Home / Technology

Meta’s Maverick AI model ranks below OpenAI's GPT-4o on benchmark

Meta’s recently launched AI model Maverick comes under scrutiny for its underperformance

By GH Web Desk |

April 12, 2025

Meta’s Maverick AI model ranks below OpenAIs GPT-4o on benchmark — Meta’s Maverick AI model ranks below OpenAI's GPT-4o on benchmark

Meta’s recently launched artificial intelligence (AI) model Maverick has come under scrutiny for its underperformance on the LM Arena benchmark.

Initially, an experimental version of Maverick, labelled "Llama-4-Maverick-03-26-Experimental," achieved a high score, but it was later revealed that this version was optimised for conversationality and not publicly available.

The experimental Maverick model was fine-tuned for dialogue, which gave it an edge on LM Arena, a platform where human raters evaluate AI responses.

However, when the unmodified version, "Llama-4-Maverick-17B-128E-Instruct," was tested, it ranked 32nd on LM Arena, below rival AI models such as OpenAI's GPT-4o, Anthropic's Claude 3.5 Sonnet, and Google's Gemini 1.5 Pro.

Meanwhile, Meta spokesperson explained that the company experiments with custom variants and that the experimental Maverick version was designed to perform well on LM Arena.
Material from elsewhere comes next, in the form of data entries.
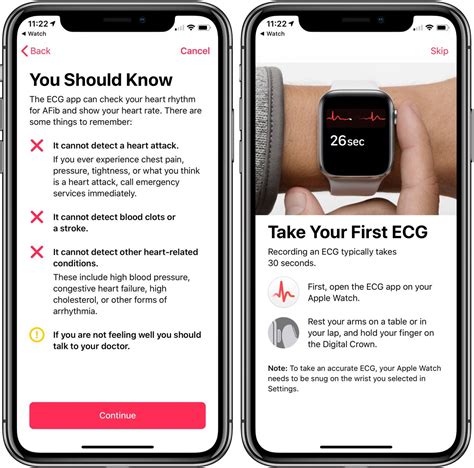 How To Take An Ecg Electrocardiogram On Apple Watch [gallery] 9to5mac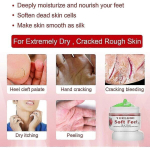 Jalakreemi antifriisi, pesemisvastane, niisutav, taastamine, kuiv, peeling_an_as pilt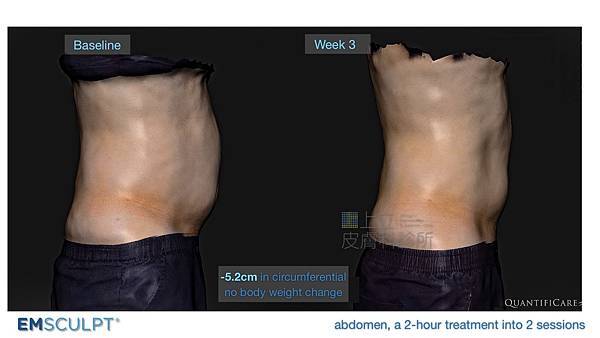 04-BA-fat-emsculpt-before-after-lslskin99-clinic.jpg.jpg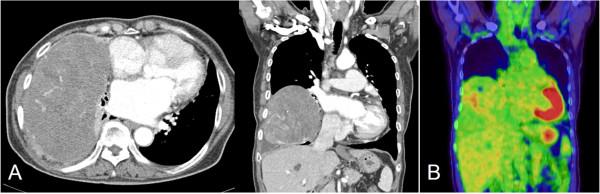 https://cdn.ncbi.nlm.nih.gov/pmc/blobs/fd26/4078939/633eb7d33465/1749-8090-9-113-1.jpg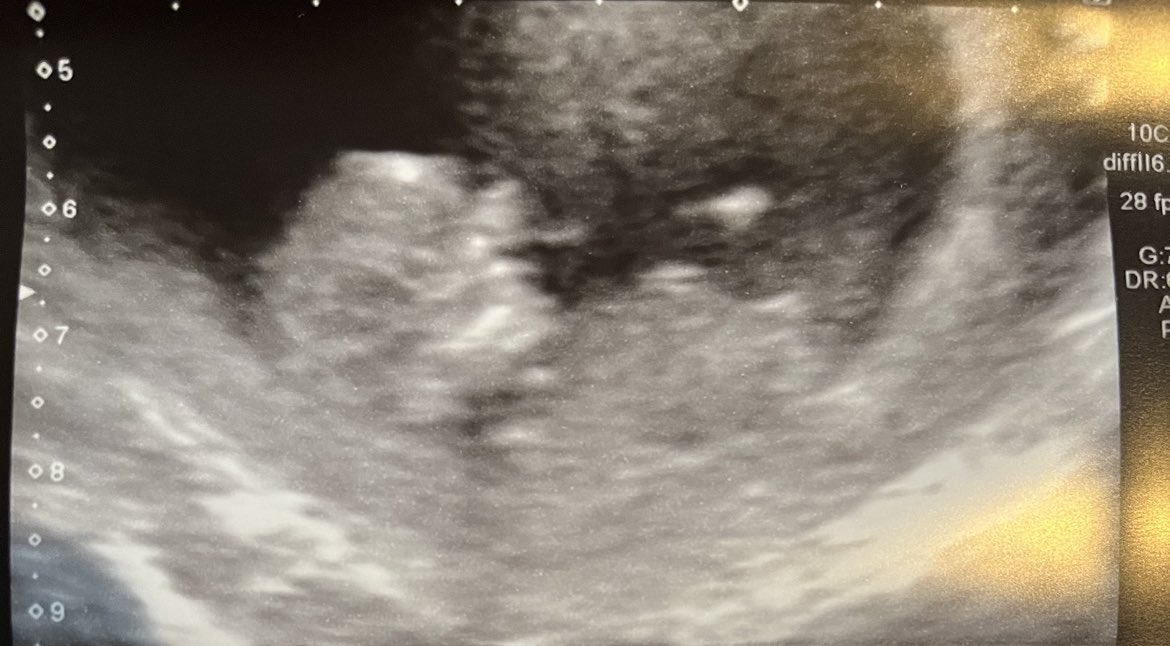 Saify14_'s tweet photo. So we have a predicament 
The baby is due on the 29th September. 
EAFC 25 normally releases the same day 😂
Absolutely buzzing to the moon, WE ARE HAVING A BABY ❤️

LETS COOK 🔥 https://t.co/oncTjS5kYB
It should be noted that Meta has since released the open-source version of Llama 4 and is looking forward to seeing how developers customise it for their use cases.

That said this incident has raised questions about the reliability of benchmarks like LM Arena, which can be influenced by fine-tuning models for specific tests.

This practice can also make it challenging for developers to predict a model's real-world performance.